[Work to be completed]:
Every record below must be set down again exactly as given.

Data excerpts

»»

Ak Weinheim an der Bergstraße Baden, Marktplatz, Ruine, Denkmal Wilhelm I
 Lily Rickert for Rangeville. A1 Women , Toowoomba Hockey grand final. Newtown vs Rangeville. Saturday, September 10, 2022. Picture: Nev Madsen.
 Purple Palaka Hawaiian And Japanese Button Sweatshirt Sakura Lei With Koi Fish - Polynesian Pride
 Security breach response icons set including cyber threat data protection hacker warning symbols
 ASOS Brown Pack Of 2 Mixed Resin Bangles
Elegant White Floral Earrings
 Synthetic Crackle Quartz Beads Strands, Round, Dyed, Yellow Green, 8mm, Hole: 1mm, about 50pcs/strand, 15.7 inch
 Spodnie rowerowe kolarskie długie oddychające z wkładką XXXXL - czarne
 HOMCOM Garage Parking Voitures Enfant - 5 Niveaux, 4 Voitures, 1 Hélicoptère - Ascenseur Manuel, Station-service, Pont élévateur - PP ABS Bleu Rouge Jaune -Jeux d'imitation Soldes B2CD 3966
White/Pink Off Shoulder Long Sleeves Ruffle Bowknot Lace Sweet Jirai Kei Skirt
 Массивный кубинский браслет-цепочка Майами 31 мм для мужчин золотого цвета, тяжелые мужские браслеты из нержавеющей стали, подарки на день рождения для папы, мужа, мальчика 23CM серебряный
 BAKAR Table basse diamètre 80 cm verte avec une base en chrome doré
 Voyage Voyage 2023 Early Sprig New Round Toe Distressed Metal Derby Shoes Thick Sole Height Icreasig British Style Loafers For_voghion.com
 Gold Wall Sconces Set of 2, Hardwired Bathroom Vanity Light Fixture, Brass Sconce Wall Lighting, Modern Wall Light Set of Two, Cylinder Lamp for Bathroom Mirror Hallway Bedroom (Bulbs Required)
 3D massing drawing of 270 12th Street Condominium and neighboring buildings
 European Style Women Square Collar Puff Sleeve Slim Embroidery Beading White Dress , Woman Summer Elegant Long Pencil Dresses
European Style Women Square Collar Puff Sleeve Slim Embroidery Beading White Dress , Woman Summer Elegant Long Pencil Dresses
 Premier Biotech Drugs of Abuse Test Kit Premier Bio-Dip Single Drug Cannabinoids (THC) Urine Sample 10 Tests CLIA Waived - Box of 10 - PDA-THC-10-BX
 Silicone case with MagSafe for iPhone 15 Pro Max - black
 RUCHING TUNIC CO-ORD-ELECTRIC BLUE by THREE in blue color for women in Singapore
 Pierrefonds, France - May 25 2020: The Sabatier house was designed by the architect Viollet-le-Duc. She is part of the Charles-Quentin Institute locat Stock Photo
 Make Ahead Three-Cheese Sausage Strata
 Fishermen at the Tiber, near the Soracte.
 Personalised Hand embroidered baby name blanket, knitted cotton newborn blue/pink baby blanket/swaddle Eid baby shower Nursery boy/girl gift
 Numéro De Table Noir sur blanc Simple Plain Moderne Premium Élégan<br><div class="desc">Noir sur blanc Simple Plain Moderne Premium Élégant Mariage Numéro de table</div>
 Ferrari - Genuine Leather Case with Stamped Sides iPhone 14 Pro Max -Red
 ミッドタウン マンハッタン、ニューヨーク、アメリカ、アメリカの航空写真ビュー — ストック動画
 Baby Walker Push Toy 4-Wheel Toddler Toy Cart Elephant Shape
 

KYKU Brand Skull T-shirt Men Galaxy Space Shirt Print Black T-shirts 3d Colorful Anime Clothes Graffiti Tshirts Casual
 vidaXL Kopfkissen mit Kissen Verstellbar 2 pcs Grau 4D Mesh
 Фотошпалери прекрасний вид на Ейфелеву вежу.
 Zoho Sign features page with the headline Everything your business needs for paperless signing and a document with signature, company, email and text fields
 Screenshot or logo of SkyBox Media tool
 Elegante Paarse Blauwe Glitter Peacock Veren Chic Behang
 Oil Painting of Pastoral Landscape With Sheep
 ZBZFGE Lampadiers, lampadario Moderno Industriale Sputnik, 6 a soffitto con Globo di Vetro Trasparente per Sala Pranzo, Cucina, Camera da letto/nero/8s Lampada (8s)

««

[Task output]:
Ak Weinheim an der Bergstraße Baden, Marktplatz, Ruine, Denkmal Wilhelm I
 Lily Rickert for Rangeville. A1 Women , Toowoomba Hockey grand final. Newtown vs Rangeville. Saturday, September 10, 2022. Picture: Nev Madsen.
 Purple Palaka Hawaiian And Japanese Button Sweatshirt Sakura Lei With Koi Fish - Polynesian Pride
 Security breach response icons set including cyber threat data protection hacker warning symbols
 ASOS Brown Pack Of 2 Mixed Resin Bangles
Elegant White Floral Earrings
 Synthetic Crackle Quartz Beads Strands, Round, Dyed, Yellow Green, 8mm, Hole: 1mm, about 50pcs/strand, 15.7 inch
 Spodnie rowerowe kolarskie długie oddychające z wkładką XXXXL - czarne
 HOMCOM Garage Parking Voitures Enfant - 5 Niveaux, 4 Voitures, 1 Hélicoptère - Ascenseur Manuel, Station-service, Pont élévateur - PP ABS Bleu Rouge Jaune -Jeux d'imitation Soldes B2CD 3966
White/Pink Off Shoulder Long Sleeves Ruffle Bowknot Lace Sweet Jirai Kei Skirt
 Массивный кубинский браслет-цепочка Майами 31 мм для мужчин золотого цвета, тяжелые мужские браслеты из нержавеющей стали, подарки на день рождения для папы, мужа, мальчика 23CM серебряный
 BAKAR Table basse diamètre 80 cm verte avec une base en chrome doré
 Voyage Voyage 2023 Early Sprig New Round Toe Distressed Metal Derby Shoes Thick Sole Height Icreasig British Style Loafers For_voghion.com
 Gold Wall Sconces Set of 2, Hardwired Bathroom Vanity Light Fixture, Brass Sconce Wall Lighting, Modern Wall Light Set of Two, Cylinder Lamp for Bathroom Mirror Hallway Bedroom (Bulbs Required)
 3D massing drawing of 270 12th Street Condominium and neighboring buildings
 European Style Women Square Collar Puff Sleeve Slim Embroidery Beading White Dress , Woman Summer Elegant Long Pencil Dresses
European Style Women Square Collar Puff Sleeve Slim Embroidery Beading White Dress , Woman Summer Elegant Long Pencil Dresses
 Premier Biotech Drugs of Abuse Test Kit Premier Bio-Dip Single Drug Cannabinoids (THC) Urine Sample 10 Tests CLIA Waived - Box of 10 - PDA-THC-10-BX
 Silicone case with MagSafe for iPhone 15 Pro Max - black
 RUCHING TUNIC CO-ORD-ELECTRIC BLUE by THREE in blue color for women in Singapore
 Pierrefonds, France - May 25 2020: The Sabatier house was designed by the architect Viollet-le-Duc. She is part of the Charles-Quentin Institute locat Stock Photo
 Make Ahead Three-Cheese Sausage Strata
 Fishermen at the Tiber, near the Soracte.
 Personalised Hand embroidered baby name blanket, knitted cotton newborn blue/pink baby blanket/swaddle Eid baby shower Nursery boy/girl gift
 Numéro De Table Noir sur blanc Simple Plain Moderne Premium Élégan<br><div class="desc">Noir sur blanc Simple Plain Moderne Premium Élégant Mariage Numéro de table</div>
 Ferrari - Genuine Leather Case with Stamped Sides iPhone 14 Pro Max -Red
 ミッドタウン マンハッタン、ニューヨーク、アメリカ、アメリカの航空写真ビュー — ストック動画
 Baby Walker Push Toy 4-Wheel Toddler Toy Cart Elephant Shape
 

KYKU Brand Skull T-shirt Men Galaxy Space Shirt Print Black T-shirts 3d Colorful Anime Clothes Graffiti Tshirts Casual
 vidaXL Kopfkissen mit Kissen Verstellbar 2 pcs Grau 4D Mesh
 Фотошпалери прекрасний вид на Ейфелеву вежу.
 Zoho Sign features page with the headline Everything your business needs for paperless signing and a document with signature, company, email and text fields
 Screenshot or logo of SkyBox Media tool
 Elegante Paarse Blauwe Glitter Peacock Veren Chic Behang
 Oil Painting of Pastoral Landscape With Sheep
 ZBZFGE Lampadiers, lampadario Moderno Industriale Sputnik, 6 a soffitto con Globo di Vetro Trasparente per Sala Pranzo, Cucina, Camera da letto/nero/8s Lampada (8s)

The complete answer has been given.